> _Your objective_
Please print exactly the lines from the line containing "Temp. & Shrinkage" through the end of the data, no more, and keep pictures out of the copy.

** Opening Given data block **

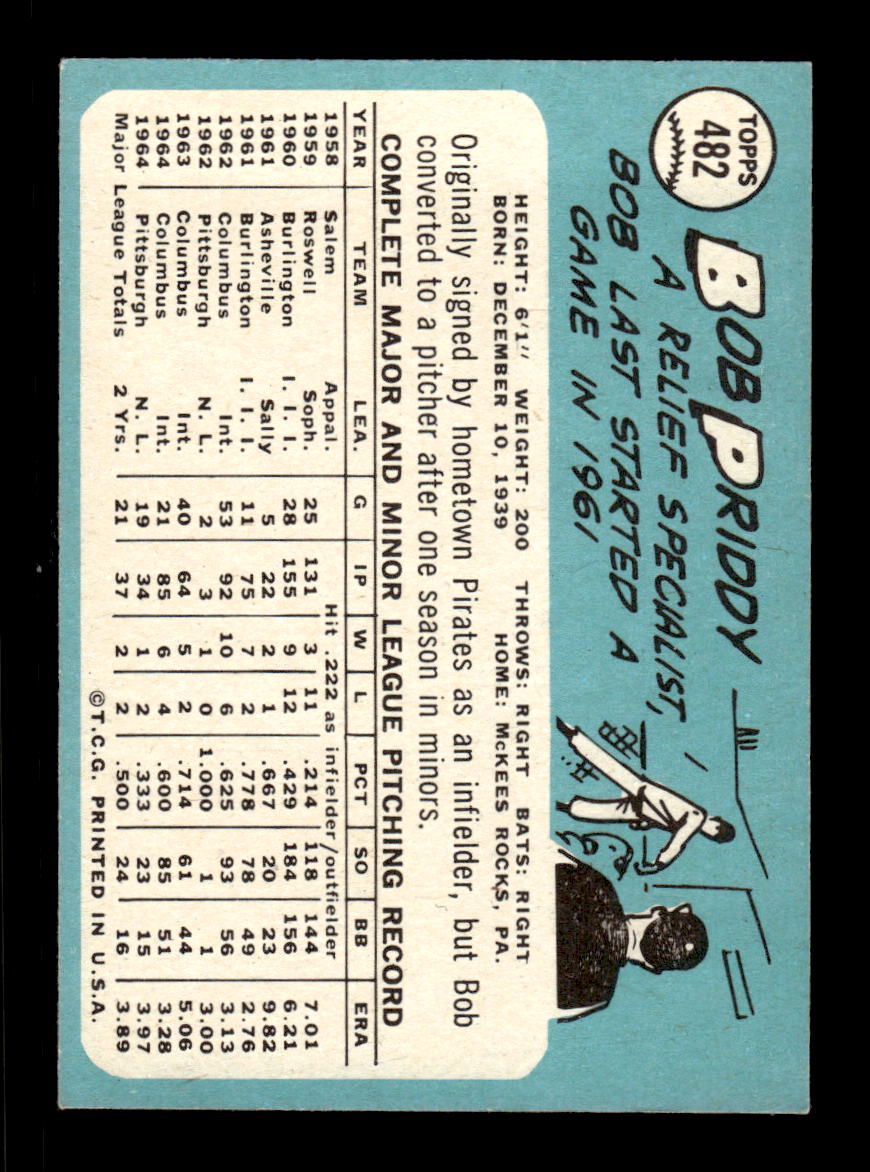 1965 Topps #482 Bob Priddy San Francisco Giants EXMT CS26015716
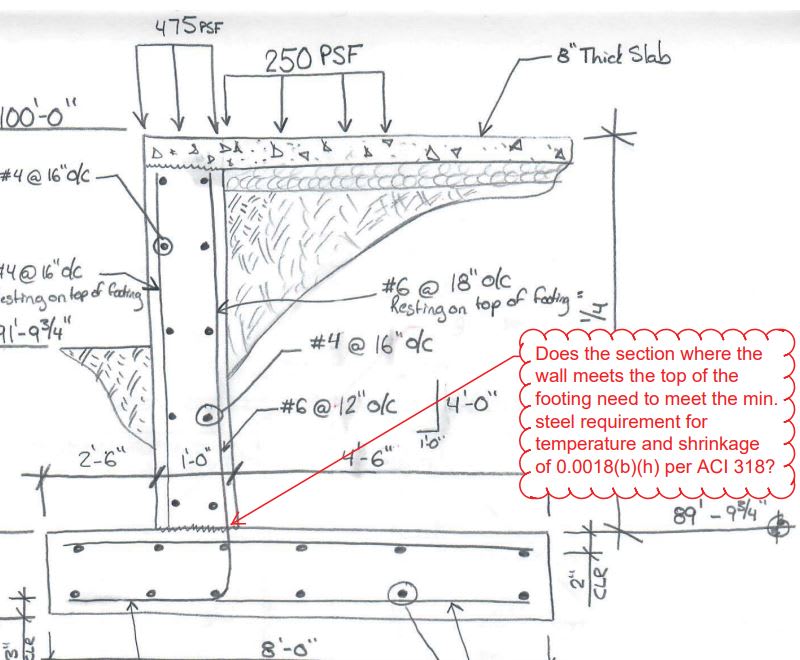 Temp. & Shrinkage Steel in Retaining Wall Stem at Footing Structural
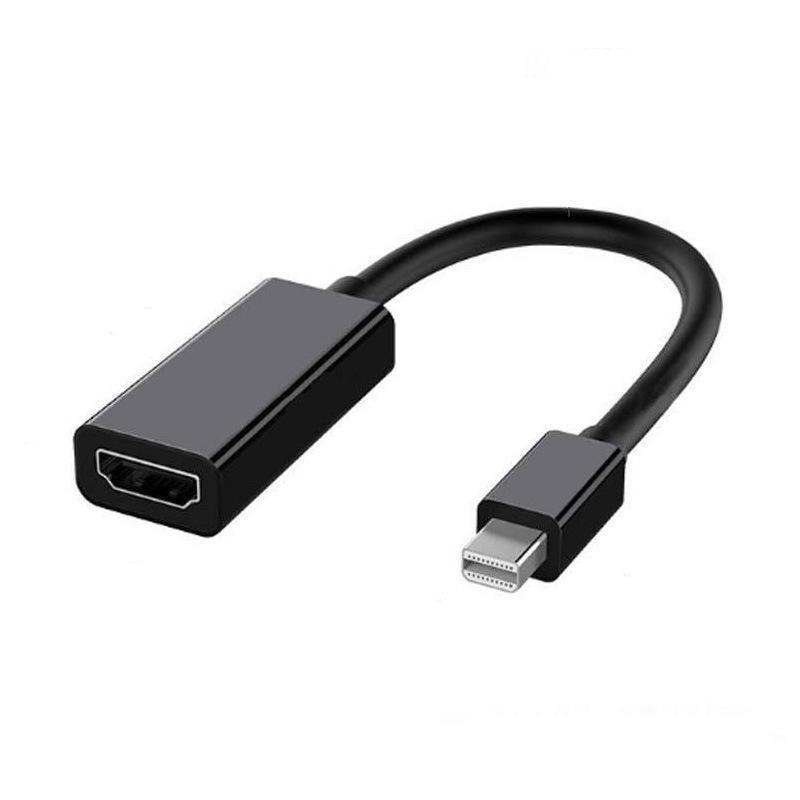 Macbook Thunderbolt Displayport till HDMI-adapter Svart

** Closing Given data block **

> _The answer_
 Temp. & Shrinkage Steel in Retaining Wall Stem at Footing Structural
 Macbook Thunderbolt Displayport till HDMI-adapter Svart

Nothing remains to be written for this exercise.